§ SUPPLIED ENTRIES
■ ■ ■

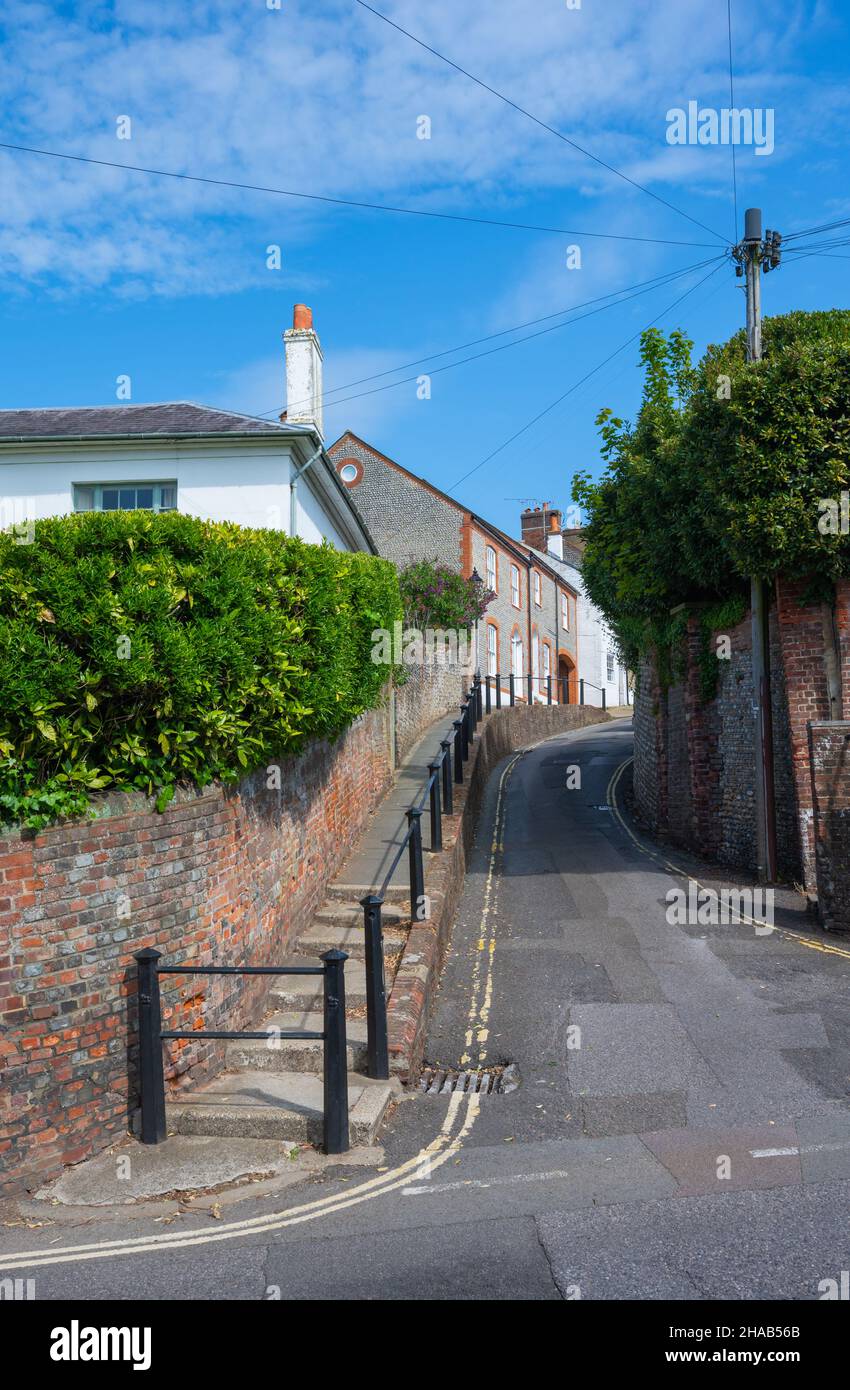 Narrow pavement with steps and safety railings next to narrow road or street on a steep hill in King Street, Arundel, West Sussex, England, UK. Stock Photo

■ ■ ■

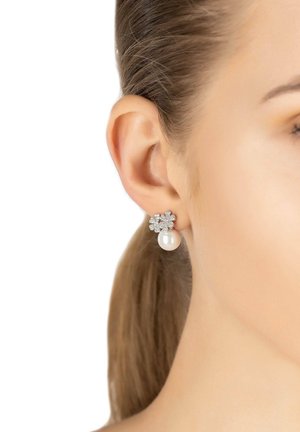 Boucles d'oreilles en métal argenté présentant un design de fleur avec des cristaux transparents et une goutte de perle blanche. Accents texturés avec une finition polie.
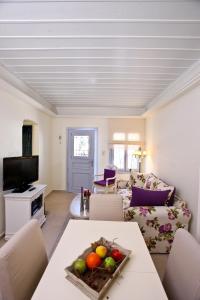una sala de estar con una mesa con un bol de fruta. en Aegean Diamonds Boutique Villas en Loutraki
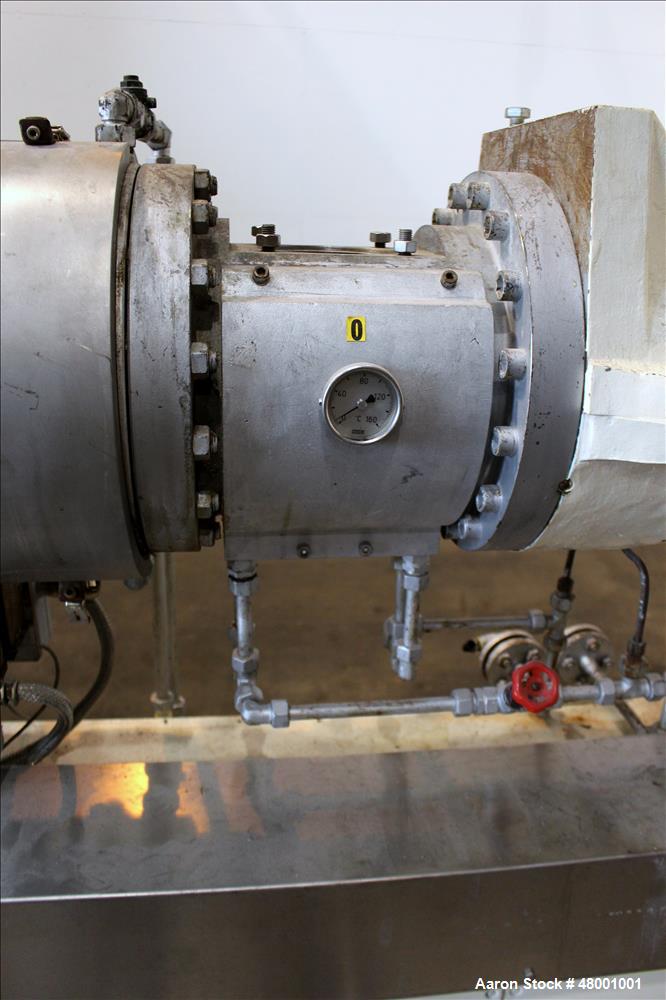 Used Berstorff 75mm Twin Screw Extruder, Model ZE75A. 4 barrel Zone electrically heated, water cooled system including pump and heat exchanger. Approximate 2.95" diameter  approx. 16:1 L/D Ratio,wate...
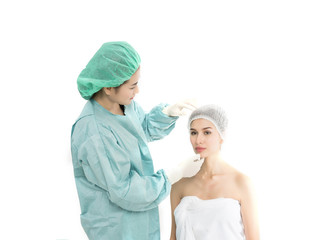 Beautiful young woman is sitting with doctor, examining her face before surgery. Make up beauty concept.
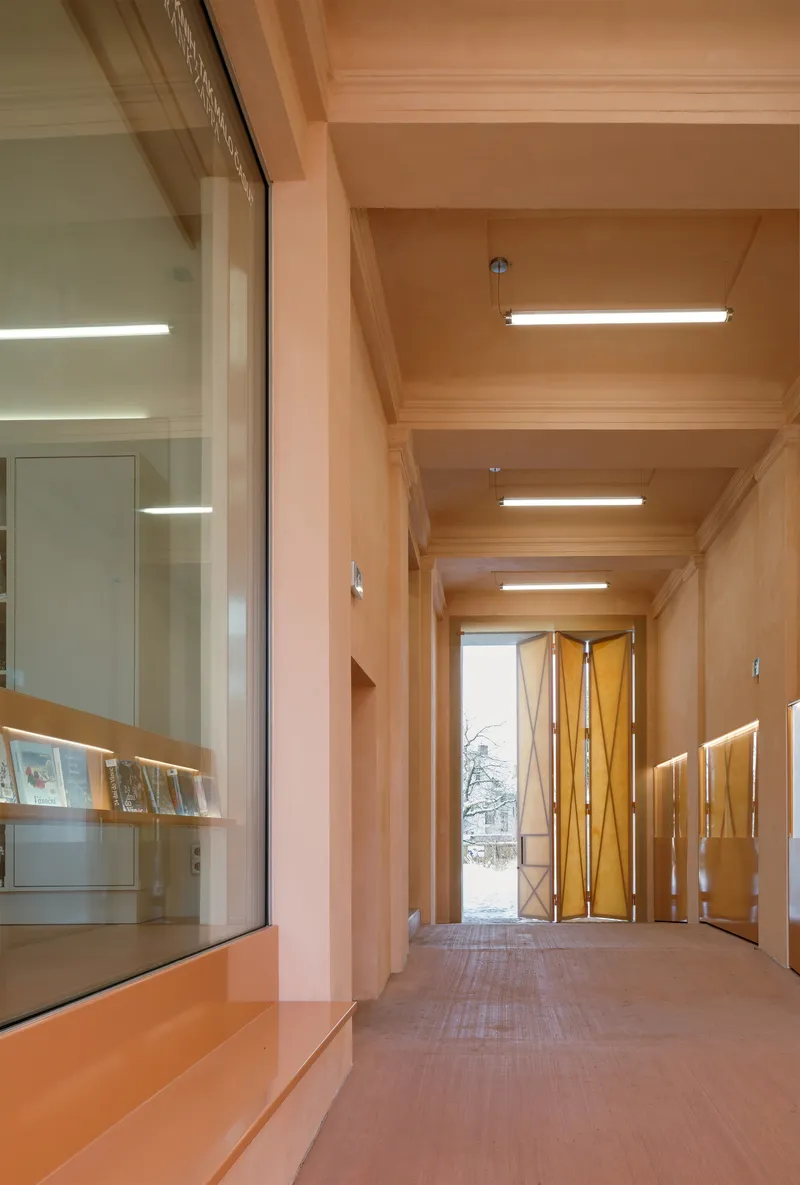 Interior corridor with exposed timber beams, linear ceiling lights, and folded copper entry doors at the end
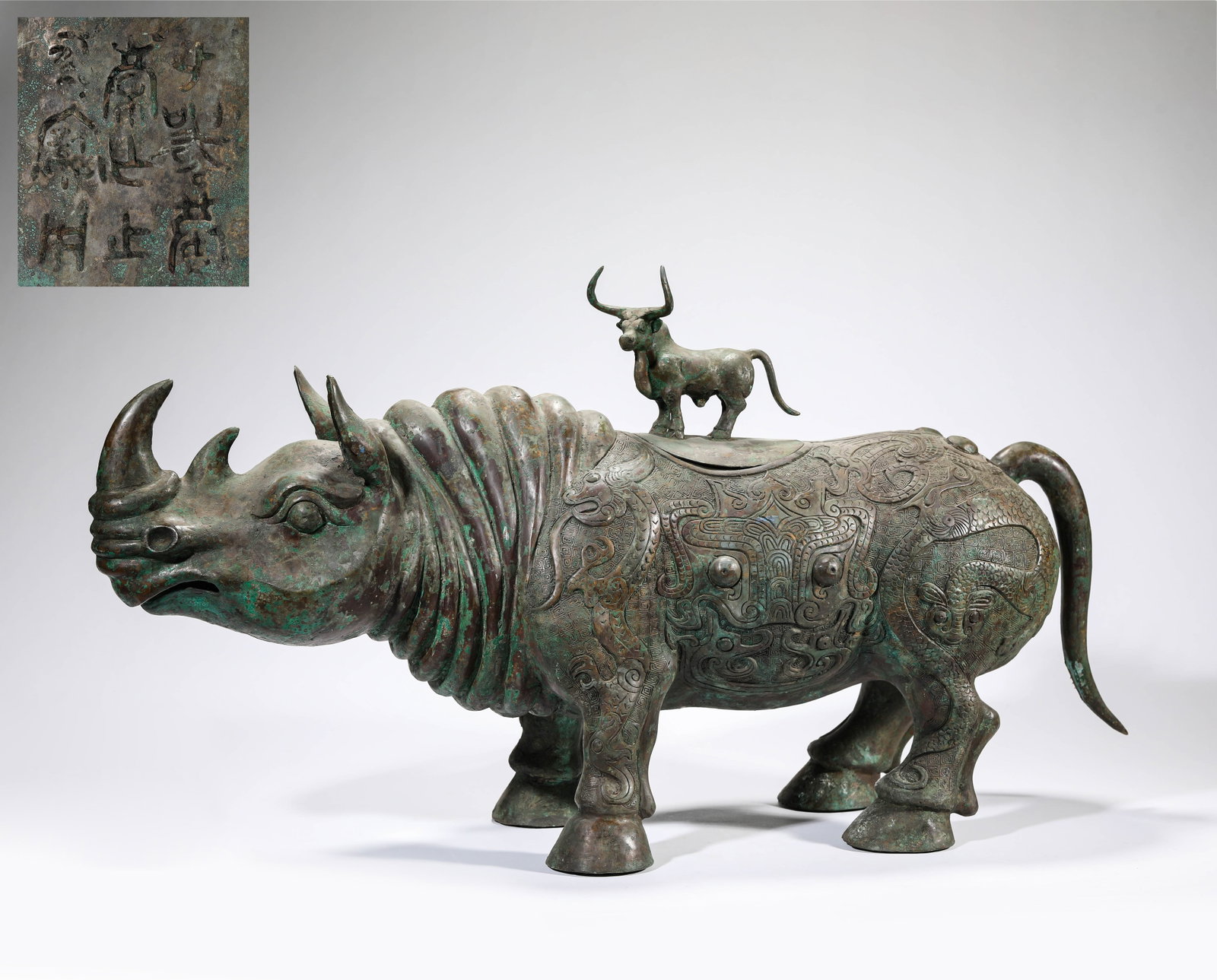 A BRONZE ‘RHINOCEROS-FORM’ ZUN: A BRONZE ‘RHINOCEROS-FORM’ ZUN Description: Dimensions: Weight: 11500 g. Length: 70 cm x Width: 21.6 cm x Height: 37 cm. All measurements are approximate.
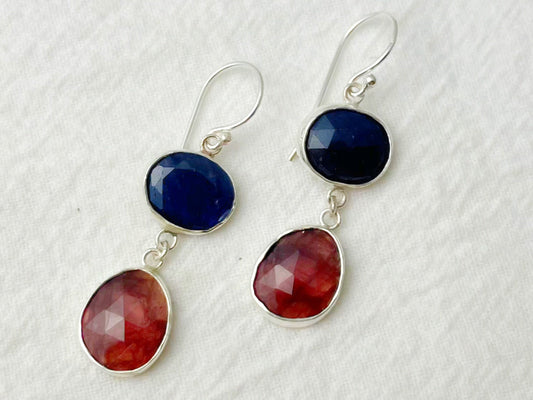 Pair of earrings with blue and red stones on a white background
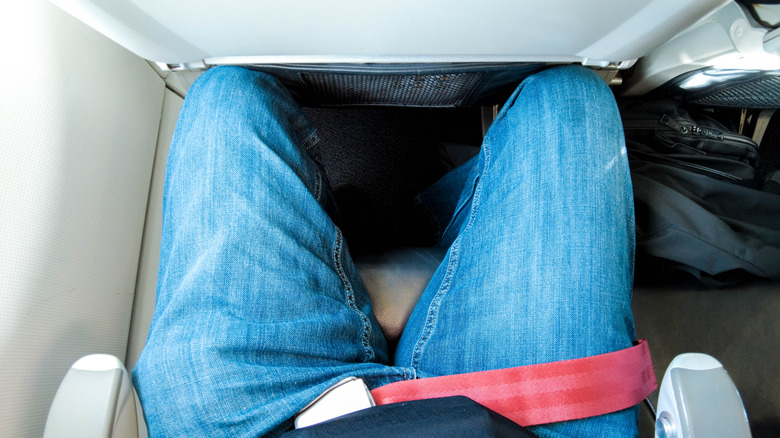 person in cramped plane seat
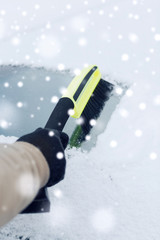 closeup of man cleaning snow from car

■ ■ ■

§ THE TASK
Could you transcribe exactly the entries above, but only the lines from the one with "Interior corridor with" through the one with "closeup of man cleaning snow from car", and without pictures?

§ EXERCISE OUTPUT
 Interior corridor with exposed timber beams, linear ceiling lights, and folded copper entry doors at the end
 A BRONZE ‘RHINOCEROS-FORM’ ZUN: A BRONZE ‘RHINOCEROS-FORM’ ZUN Description: Dimensions: Weight: 11500 g. Length: 70 cm x Width: 21.6 cm x Height: 37 cm. All measurements are approximate.
 Pair of earrings with blue and red stones on a white background
 person in cramped plane seat
 closeup of man cleaning snow from car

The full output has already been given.